BEGIN Records provided

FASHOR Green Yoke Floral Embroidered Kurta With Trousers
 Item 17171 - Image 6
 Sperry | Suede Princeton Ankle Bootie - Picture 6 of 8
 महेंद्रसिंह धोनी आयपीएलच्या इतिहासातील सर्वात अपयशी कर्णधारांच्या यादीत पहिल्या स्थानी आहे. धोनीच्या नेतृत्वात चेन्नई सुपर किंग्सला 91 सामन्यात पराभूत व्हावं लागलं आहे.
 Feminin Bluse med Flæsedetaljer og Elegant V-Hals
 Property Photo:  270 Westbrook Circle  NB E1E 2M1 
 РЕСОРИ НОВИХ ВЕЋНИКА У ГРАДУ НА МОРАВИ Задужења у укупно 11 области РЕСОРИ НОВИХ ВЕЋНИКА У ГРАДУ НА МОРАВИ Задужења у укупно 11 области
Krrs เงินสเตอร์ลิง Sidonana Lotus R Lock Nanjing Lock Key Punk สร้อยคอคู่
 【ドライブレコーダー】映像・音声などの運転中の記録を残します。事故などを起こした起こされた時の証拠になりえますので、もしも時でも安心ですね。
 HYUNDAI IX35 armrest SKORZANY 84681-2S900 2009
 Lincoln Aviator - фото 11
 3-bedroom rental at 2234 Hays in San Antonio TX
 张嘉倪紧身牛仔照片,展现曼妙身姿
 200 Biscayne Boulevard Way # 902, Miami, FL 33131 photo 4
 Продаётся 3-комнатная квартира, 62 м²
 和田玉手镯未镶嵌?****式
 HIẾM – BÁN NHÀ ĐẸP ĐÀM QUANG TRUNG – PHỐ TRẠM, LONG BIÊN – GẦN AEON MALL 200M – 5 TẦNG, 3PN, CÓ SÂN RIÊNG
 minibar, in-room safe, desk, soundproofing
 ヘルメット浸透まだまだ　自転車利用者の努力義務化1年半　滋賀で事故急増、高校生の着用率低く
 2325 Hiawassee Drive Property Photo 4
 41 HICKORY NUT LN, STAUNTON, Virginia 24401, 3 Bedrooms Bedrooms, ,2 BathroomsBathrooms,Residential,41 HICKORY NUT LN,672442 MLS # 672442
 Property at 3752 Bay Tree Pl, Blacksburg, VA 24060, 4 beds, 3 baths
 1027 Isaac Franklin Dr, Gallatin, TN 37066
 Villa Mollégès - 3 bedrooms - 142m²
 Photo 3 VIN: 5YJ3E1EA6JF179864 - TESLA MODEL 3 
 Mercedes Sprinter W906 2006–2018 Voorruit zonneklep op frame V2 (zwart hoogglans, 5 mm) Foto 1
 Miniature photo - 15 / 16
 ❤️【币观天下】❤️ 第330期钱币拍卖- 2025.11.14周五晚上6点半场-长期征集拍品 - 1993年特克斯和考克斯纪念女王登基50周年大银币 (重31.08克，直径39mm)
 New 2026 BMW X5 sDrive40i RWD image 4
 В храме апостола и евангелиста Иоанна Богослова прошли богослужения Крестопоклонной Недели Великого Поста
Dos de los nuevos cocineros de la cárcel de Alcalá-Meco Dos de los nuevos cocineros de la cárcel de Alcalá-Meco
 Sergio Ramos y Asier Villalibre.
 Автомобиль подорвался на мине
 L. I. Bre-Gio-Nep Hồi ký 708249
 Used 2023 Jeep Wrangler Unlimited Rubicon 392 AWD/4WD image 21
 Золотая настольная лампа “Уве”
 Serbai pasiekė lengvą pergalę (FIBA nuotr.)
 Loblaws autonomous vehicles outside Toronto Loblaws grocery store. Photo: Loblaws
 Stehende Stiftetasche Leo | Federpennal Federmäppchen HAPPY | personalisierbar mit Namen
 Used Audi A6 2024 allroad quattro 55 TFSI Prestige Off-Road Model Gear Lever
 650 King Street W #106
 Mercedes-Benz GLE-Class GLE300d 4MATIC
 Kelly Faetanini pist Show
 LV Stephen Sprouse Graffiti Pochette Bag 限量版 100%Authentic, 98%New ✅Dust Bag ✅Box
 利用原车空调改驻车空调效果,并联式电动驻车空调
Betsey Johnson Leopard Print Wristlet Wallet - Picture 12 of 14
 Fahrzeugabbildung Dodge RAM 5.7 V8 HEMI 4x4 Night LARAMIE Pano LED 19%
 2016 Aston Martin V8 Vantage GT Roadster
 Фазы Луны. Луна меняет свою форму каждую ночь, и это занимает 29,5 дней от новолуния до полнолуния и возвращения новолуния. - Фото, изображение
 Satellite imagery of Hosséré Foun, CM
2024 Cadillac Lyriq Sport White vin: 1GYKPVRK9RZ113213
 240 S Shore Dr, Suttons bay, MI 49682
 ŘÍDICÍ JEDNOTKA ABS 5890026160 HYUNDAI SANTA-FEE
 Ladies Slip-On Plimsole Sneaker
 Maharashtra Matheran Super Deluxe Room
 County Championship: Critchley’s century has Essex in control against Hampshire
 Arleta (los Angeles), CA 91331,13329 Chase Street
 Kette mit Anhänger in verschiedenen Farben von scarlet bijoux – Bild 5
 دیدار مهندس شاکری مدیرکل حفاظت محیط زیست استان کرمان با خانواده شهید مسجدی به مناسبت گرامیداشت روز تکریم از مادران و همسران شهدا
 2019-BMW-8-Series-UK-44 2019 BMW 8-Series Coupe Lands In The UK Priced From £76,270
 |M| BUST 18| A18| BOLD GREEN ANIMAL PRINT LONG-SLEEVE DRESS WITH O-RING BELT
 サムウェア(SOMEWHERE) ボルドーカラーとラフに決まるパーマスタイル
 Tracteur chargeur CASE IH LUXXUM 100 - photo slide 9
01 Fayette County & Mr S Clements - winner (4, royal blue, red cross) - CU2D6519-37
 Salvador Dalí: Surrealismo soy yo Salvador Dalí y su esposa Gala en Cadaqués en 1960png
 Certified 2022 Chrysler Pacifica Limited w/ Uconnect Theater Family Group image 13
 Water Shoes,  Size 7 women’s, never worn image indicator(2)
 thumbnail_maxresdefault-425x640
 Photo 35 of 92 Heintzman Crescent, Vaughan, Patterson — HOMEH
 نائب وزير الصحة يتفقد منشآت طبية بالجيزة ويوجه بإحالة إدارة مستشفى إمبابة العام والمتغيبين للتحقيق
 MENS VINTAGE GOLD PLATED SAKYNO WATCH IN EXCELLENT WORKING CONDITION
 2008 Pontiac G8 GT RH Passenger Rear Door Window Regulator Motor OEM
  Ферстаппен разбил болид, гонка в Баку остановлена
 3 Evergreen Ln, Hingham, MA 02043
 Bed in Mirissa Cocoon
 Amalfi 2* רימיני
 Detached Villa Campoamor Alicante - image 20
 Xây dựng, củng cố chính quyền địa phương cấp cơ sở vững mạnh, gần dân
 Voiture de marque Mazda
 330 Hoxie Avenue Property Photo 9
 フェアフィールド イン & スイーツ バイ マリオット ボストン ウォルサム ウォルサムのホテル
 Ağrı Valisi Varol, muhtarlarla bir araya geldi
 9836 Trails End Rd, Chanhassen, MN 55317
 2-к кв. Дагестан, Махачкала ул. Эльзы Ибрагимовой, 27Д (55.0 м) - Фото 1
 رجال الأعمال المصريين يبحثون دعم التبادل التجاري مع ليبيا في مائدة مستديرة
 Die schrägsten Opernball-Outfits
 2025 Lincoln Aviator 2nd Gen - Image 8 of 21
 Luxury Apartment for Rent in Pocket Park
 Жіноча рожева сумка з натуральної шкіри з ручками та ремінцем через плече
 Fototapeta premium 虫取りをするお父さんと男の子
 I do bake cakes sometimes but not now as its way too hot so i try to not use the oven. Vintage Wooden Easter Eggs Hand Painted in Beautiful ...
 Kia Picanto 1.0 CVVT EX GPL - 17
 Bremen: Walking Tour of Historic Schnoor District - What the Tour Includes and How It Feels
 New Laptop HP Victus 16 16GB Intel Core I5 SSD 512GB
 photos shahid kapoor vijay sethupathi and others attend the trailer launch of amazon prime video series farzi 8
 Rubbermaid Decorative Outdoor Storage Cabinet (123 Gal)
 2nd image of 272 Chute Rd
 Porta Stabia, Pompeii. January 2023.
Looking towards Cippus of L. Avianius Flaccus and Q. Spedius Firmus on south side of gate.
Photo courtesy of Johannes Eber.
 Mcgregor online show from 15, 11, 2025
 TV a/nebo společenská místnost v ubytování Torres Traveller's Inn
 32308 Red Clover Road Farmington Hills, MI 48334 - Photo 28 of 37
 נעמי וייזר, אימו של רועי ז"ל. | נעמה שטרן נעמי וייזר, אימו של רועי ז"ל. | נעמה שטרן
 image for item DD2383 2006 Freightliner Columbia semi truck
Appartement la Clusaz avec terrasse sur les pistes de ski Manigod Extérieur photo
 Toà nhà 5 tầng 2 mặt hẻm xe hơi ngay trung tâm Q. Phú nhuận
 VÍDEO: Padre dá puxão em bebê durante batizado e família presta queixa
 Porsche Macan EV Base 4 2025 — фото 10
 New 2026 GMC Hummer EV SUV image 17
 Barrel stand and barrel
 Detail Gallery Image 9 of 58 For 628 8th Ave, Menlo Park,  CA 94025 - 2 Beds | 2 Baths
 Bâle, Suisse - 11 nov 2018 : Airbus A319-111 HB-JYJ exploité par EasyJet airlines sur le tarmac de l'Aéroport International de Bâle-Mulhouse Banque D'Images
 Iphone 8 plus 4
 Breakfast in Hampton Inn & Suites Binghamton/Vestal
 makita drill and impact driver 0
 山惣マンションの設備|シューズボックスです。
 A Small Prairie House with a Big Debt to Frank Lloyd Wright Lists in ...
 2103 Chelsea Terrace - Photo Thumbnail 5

END Records provided

Task statement: From the line containing "VÍDEO: Padre dá" through the last line of the records, output each line exactly and nothing more.

Result for this task:
 VÍDEO: Padre dá puxão em bebê durante batizado e família presta queixa
 Porsche Macan EV Base 4 2025 — фото 10
 New 2026 GMC Hummer EV SUV image 17
 Barrel stand and barrel
 Detail Gallery Image 9 of 58 For 628 8th Ave, Menlo Park,  CA 94025 - 2 Beds | 2 Baths
 Bâle, Suisse - 11 nov 2018 : Airbus A319-111 HB-JYJ exploité par EasyJet airlines sur le tarmac de l'Aéroport International de Bâle-Mulhouse Banque D'Images
 Iphone 8 plus 4
 Breakfast in Hampton Inn & Suites Binghamton/Vestal
 makita drill and impact driver 0
 山惣マンションの設備|シューズボックスです。
 A Small Prairie House with a Big Debt to Frank Lloyd Wright Lists in ...
 2103 Chelsea Terrace - Photo Thumbnail 5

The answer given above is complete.